## ACTIVITY
Would you copy out the following entries exactly, without any of the pictures?

## Dataset records
* * * *
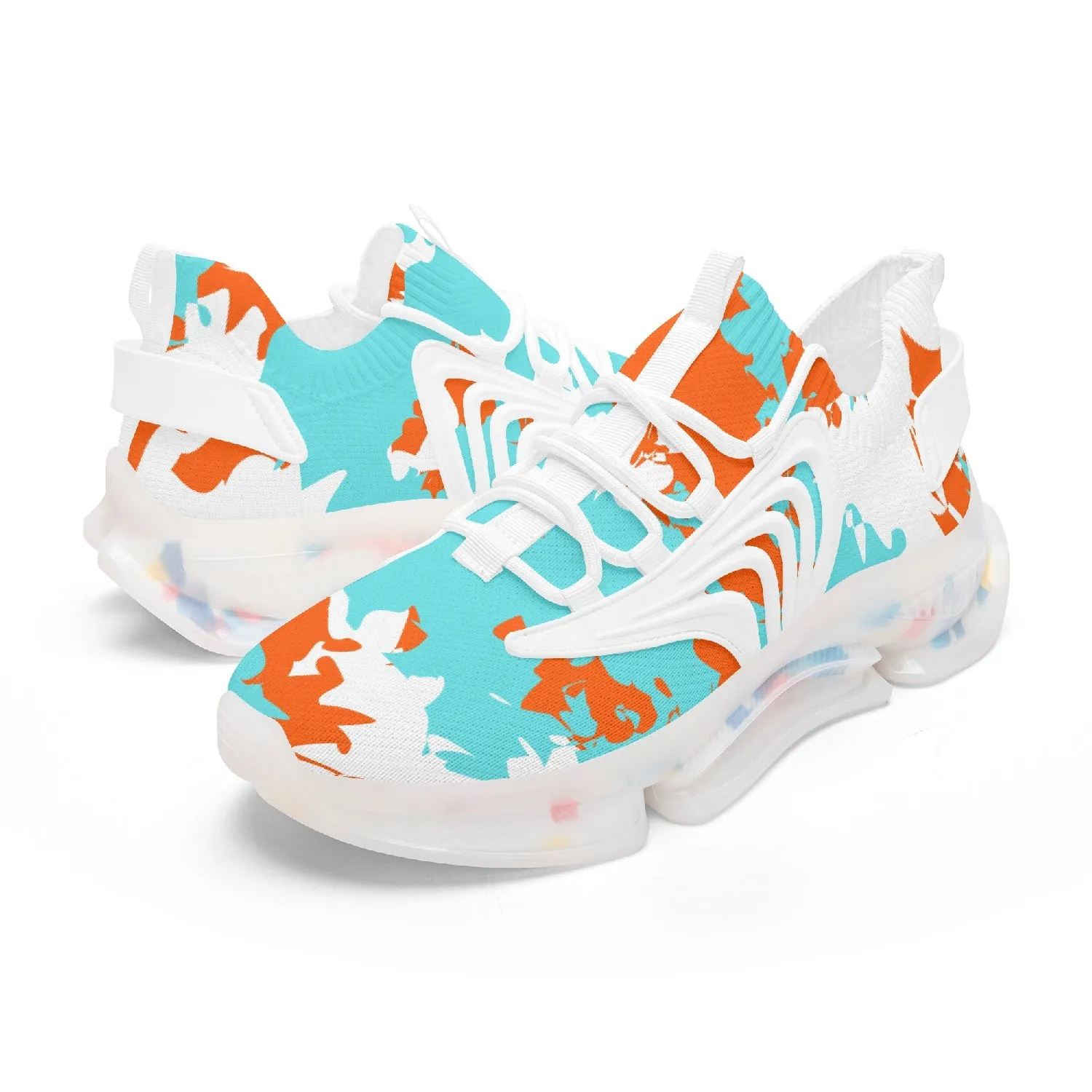 Kicxs MIA Camo Wings Style Bounce Mesh Knit Sneakers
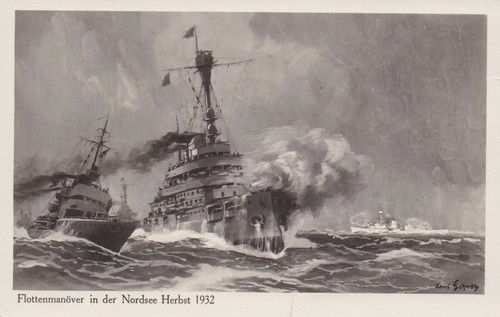 Marine flotenmanöver in - ak,
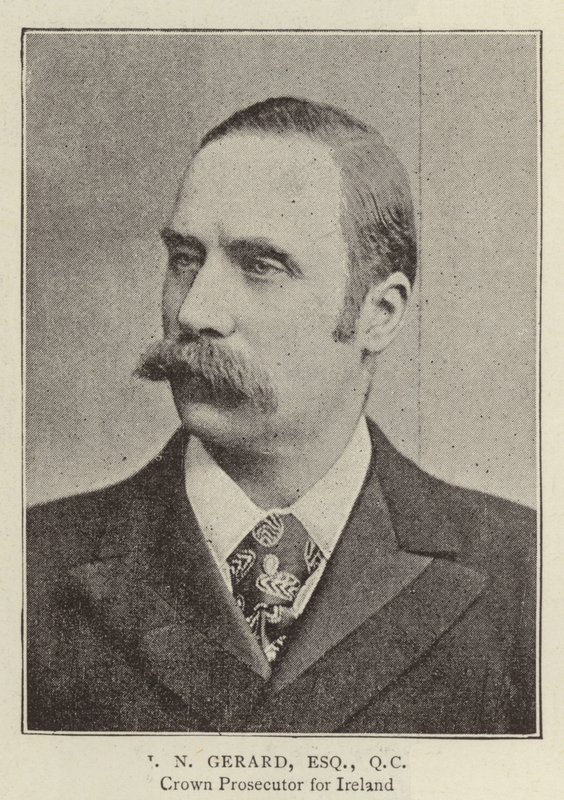 J N Gerard, Esquire, QC af English Photographer
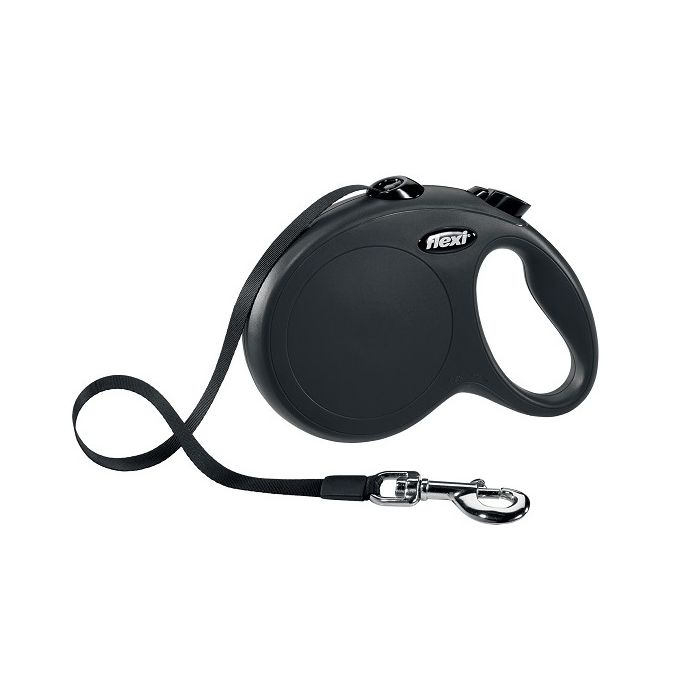 Flexi Povodac New Classic XS Traka Crni 3m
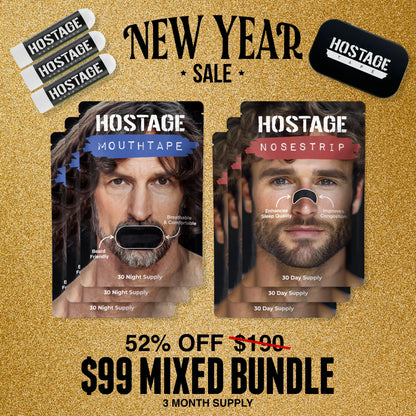 🤐 Mouth Tape   +   👃 Nose Strip Bundle - Hostage Tape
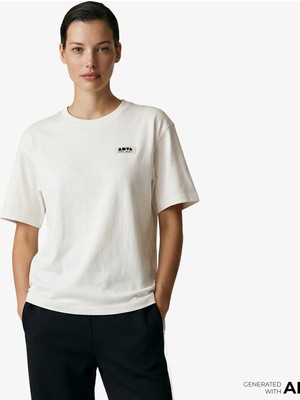 Anta Anta Skate- Valentine's Day Kadın Krem T-Shirt.1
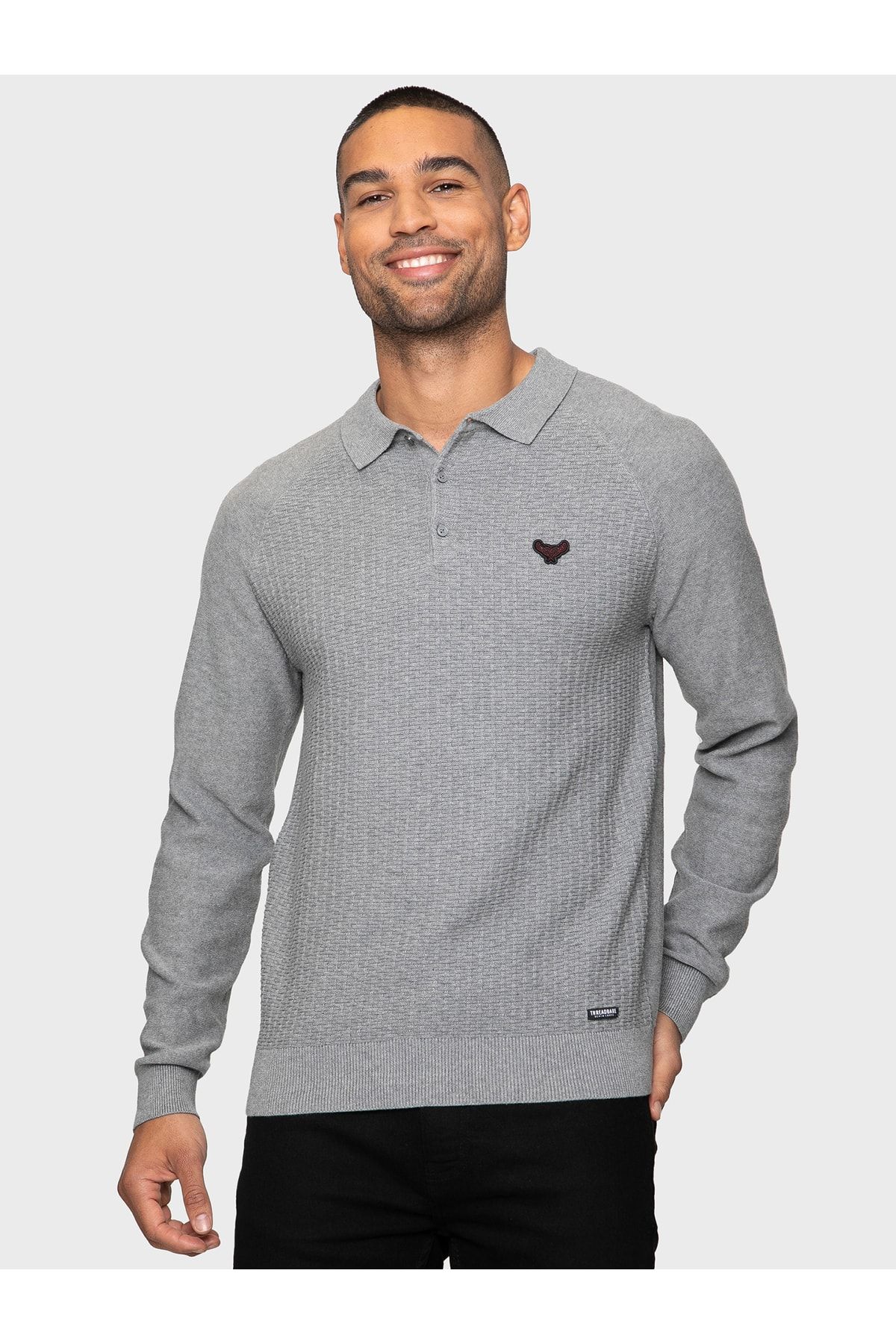 Threadbare Hemd Grau Slim Fit Fast ausverkauft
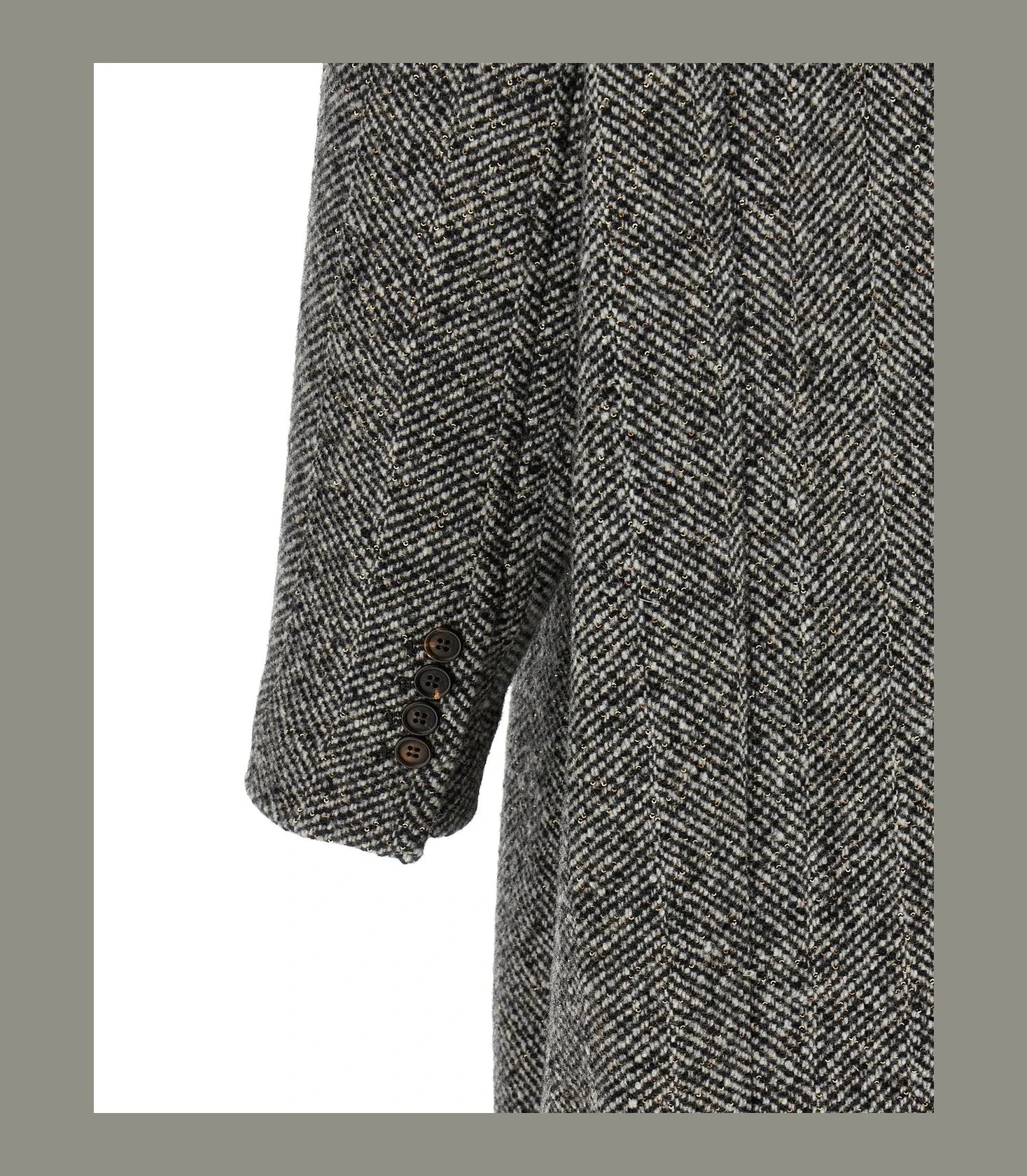 Brunello Cucinelli Overcoat in gray — view 4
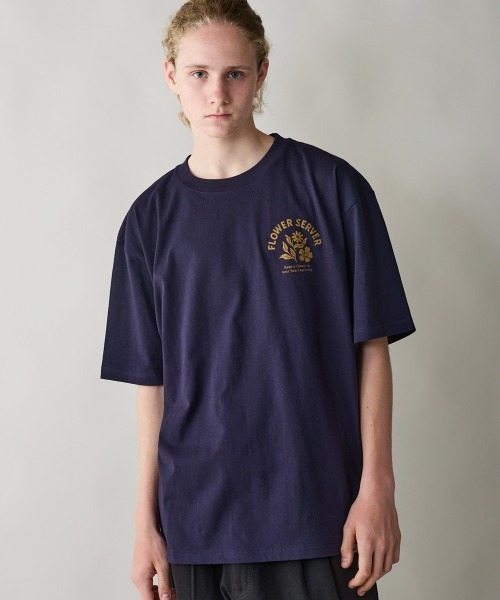 rehacer（レアセル）の「rehacer : Wind Bloom Open End T-shirt / ウインドブルーム オープンエンド Tシャツ（Tシャツ/カットソー・メンズ・ホワイト/ネイビー/スミクロ・MEDIUM/LARGE/X-LARGE/SMALL）」の13枚目の写真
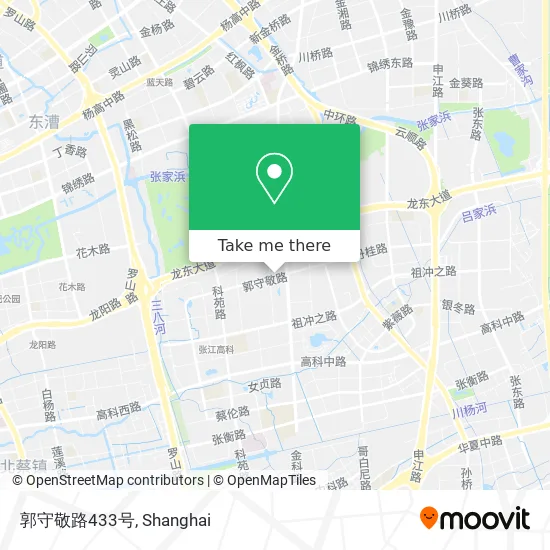 郭守敬路433号 map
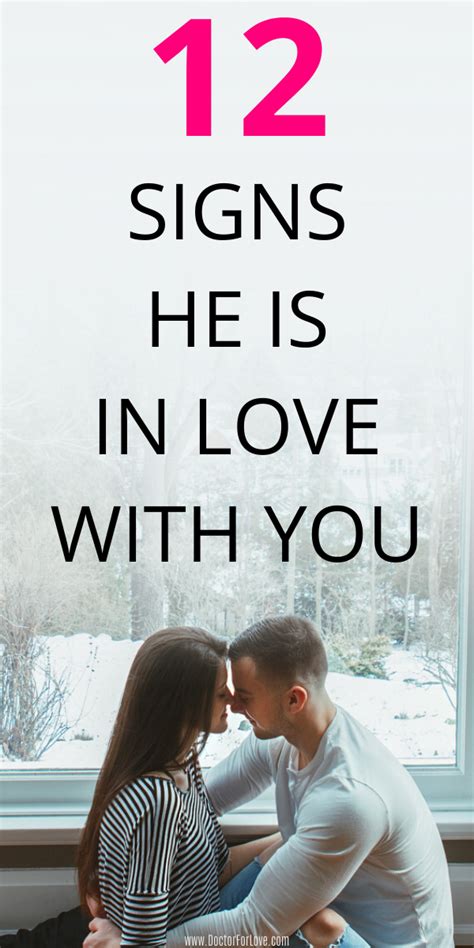 12 True Signs He Loves You Deeply | Signs he loves you, Love message ...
* * * *
## FINAL ANSWER
 Kicxs MIA Camo Wings Style Bounce Mesh Knit Sneakers
 Marine flotenmanöver in - ak,
 J N Gerard, Esquire, QC af English Photographer
 Flexi Povodac New Classic XS Traka Crni 3m
 🤐 Mouth Tape   +   👃 Nose Strip Bundle - Hostage Tape
 Anta Anta Skate- Valentine's Day Kadın Krem T-Shirt.1
 Threadbare Hemd Grau Slim Fit Fast ausverkauft
 Brunello Cucinelli Overcoat in gray — view 4
 rehacer（レアセル）の「rehacer : Wind Bloom Open End T-shirt / ウインドブルーム オープンエンド Tシャツ（Tシャツ/カットソー・メンズ・ホワイト/ネイビー/スミクロ・MEDIUM/LARGE/X-LARGE/SMALL）」の13枚目の写真
 郭守敬路433号 map
 12 True Signs He Loves You Deeply | Signs he loves you, Love message ...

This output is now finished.